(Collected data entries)
● ● ● ● ●

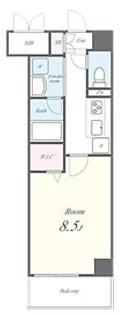 RIVER STONE【4階】の間取り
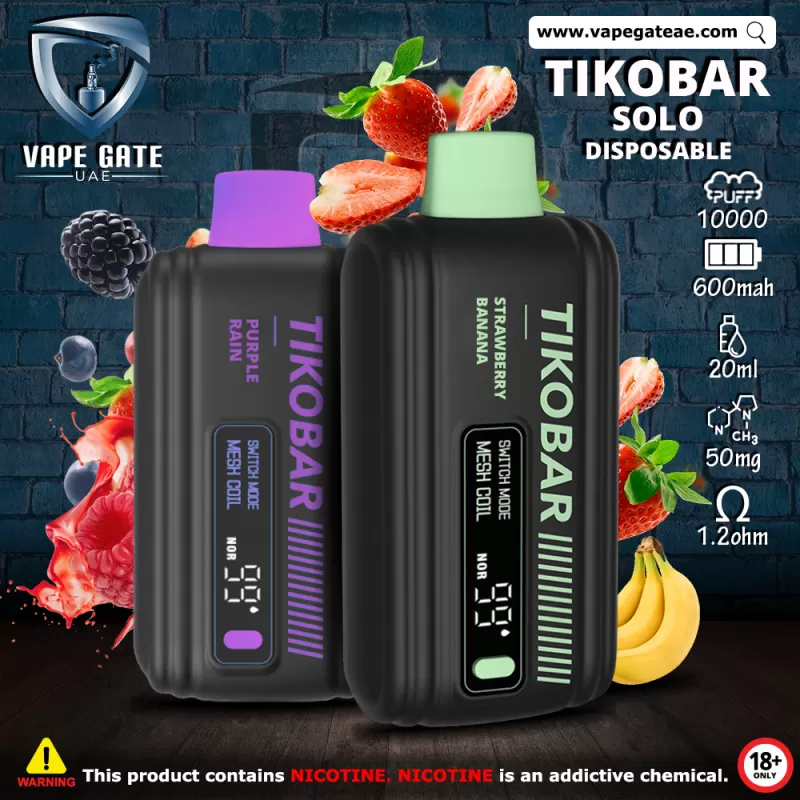 Tikobar Solo Disposable Vape (10,000 Puffs)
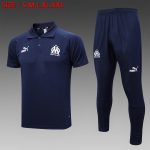 Olympique de Marseille 23-24 Polo Shirt Navy Blue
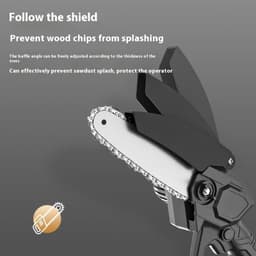 image-Handheld Wireless Lithium Electric Saw High-power Portable Electric Saw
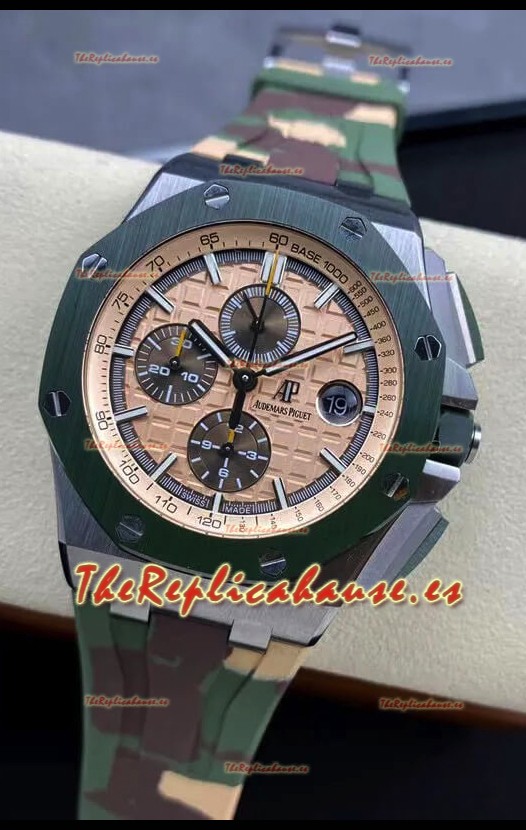 Audemars Piguet Royal Oak Offshore CAMO 44MM Cronógrafo Reloj Réplica Espejo 1:1 - Acero 904L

● ● ● ● ●

EXERCISE DESCRIPTION
Please give back every line above exactly as it stands, without pictures.

ANSWER SPACE
 RIVER STONE【4階】の間取り
 Tikobar Solo Disposable Vape (10,000 Puffs)
 Olympique de Marseille 23-24 Polo Shirt Navy Blue
 image-Handheld Wireless Lithium Electric Saw High-power Portable Electric Saw
 Audemars Piguet Royal Oak Offshore CAMO 44MM Cronógrafo Reloj Réplica Espejo 1:1 - Acero 904L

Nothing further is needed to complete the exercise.